Это было последнее укрытие, подготовленное для герцогини на тот случай, если дом будет захвачен властями.
В комнате стояли две раскладные койки на ремнях, одна из которых была предназначена для герцогини, а другая, несомненно, для мадемуазель де Керсабьек.
В этом убежище, будучи в курсе всего того, что происходило, Мария Каролина ожидала развития событий и была готова примениться к ним.

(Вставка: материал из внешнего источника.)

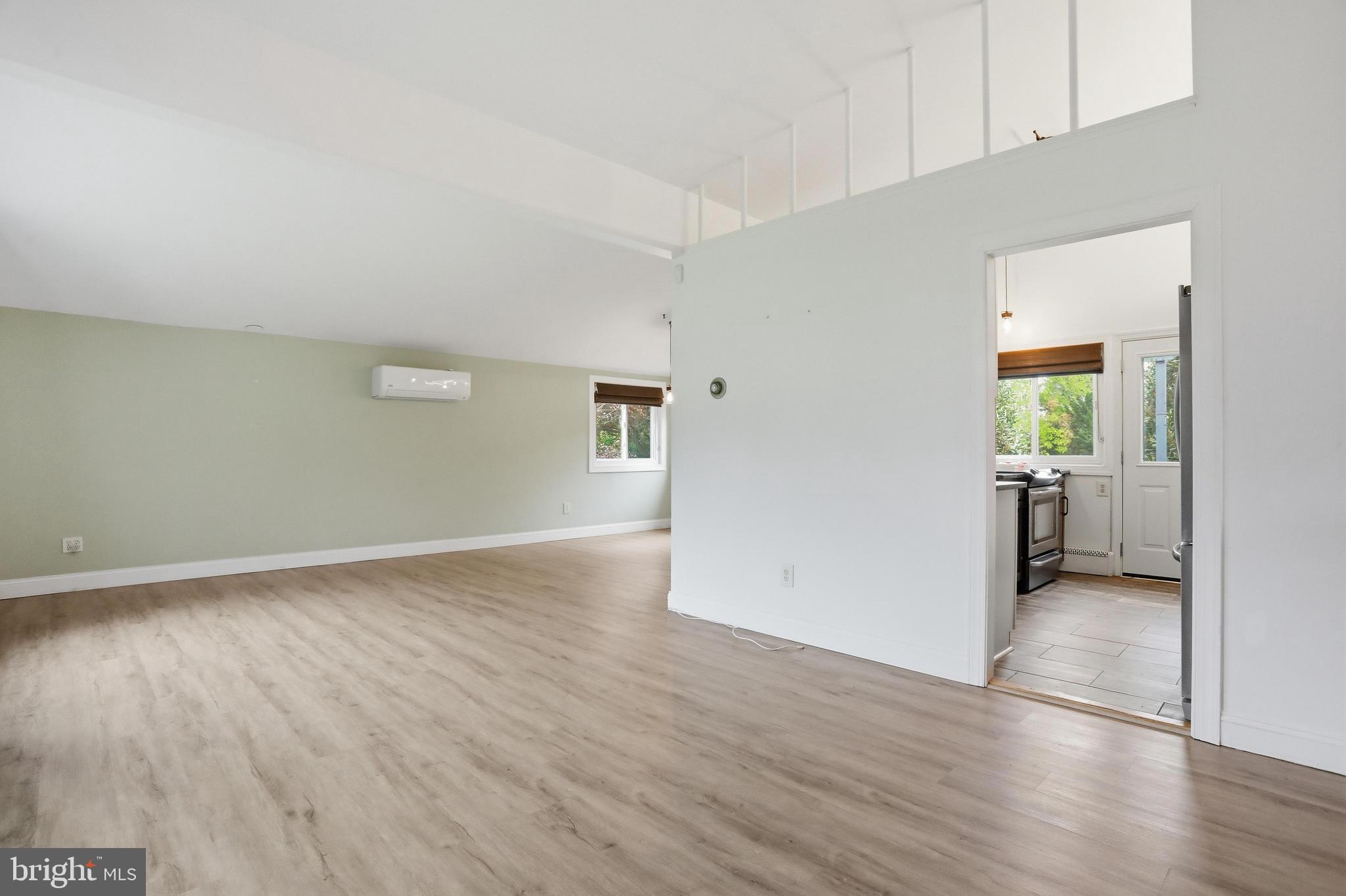 COLUMBIA HILLS - Residential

Королевский двор прекрасно знал, что герцогиня Беррийская находится в Нанте, хотя и не знал, в каком доме она укрылась; к тому же в то время, когда шел суд над двадцатью двумя вандейцами,[4] герцогиня написала следующее письмо своей тетке Марии Амелии:
«Какими бы ни были для меня последствия, могущие проистечь из положения, в которое я себя поставила, исполняя свой материнский долг, я никогда ничего не скажу Вам, сударыня, в моих собственных интересах; но, когда речь идет о храбрецах, подвергших себя опасности тем, что они защищали дело моего сына, я не вправе отказаться от попыток предпринять для их спасения все то, что можно достойным образом сделать.

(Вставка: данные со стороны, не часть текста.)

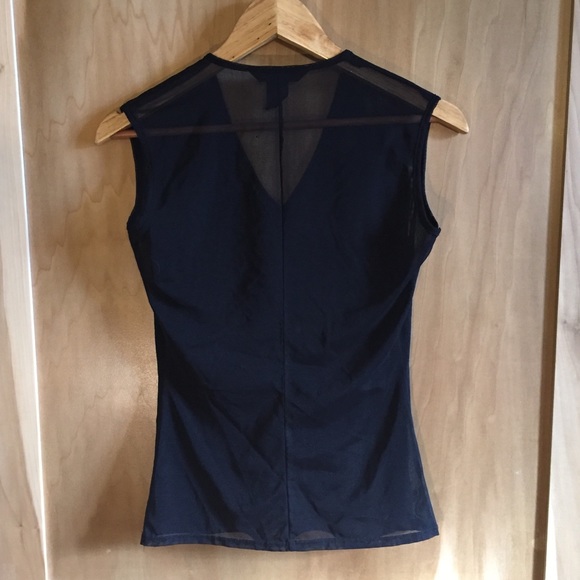 MUST GO Vintage V-neck Mesh Muscle Tee Tank Top - Picture 5 of 6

И потому я прошу свою тетю, доброе сердце и благочестие которой мне известны, употребить все свое влияние для того, чтобы вызвать сочувствие к этим людям. Тот, кто доставит это письмо, сообщит все подробности относительно их положения; он скажет, что судьи, которых им дали, это те самые люди, против которых они сражались.
Несмотря на различие в нашем положения, сударыня, под Вашими ногами тоже находится вулкан, и Вы это знаете. Мне были известны Ваши страхи, вполне естественные, в ту пору, когда я пребывала в безопасности, и я не была к ним безучастна. Один Господь знает, что он нам уготовил, и, возможно, однажды Вы будете благодарны мне за то, что я доверилась Вашей доброте и предоставила Вам возможность употребить ее ради моих несчастных друзей. Поверьте в мою признательность.
Желаю Вам счастья, сударыня, ибо я чересчур хорошего мнения о Вас, чтобы полагать, что можно быть счастливым в том положении, в каком Вы находитесь.
МАРИЯ КАРОЛИНА». Как и сказала герцогиня Беррийская в этом письме, исполненном печали и достоинства, тот, кто доставил его, офицер-роялист, беззаветно преданный своей партии, был готов предоставить все необходимые разъяснения, однако королева Мария Амелия находилась в чересчур затруднительном положении, чтобы принять поручение, которое было ей доверено. Господин де Монталиве распечатал письмо, прочитал его, поднялся в покои королевы, пробыл там четверть часа, а затем спустился и вернул письмо офицеру, сказав, что королева не может принять это послание.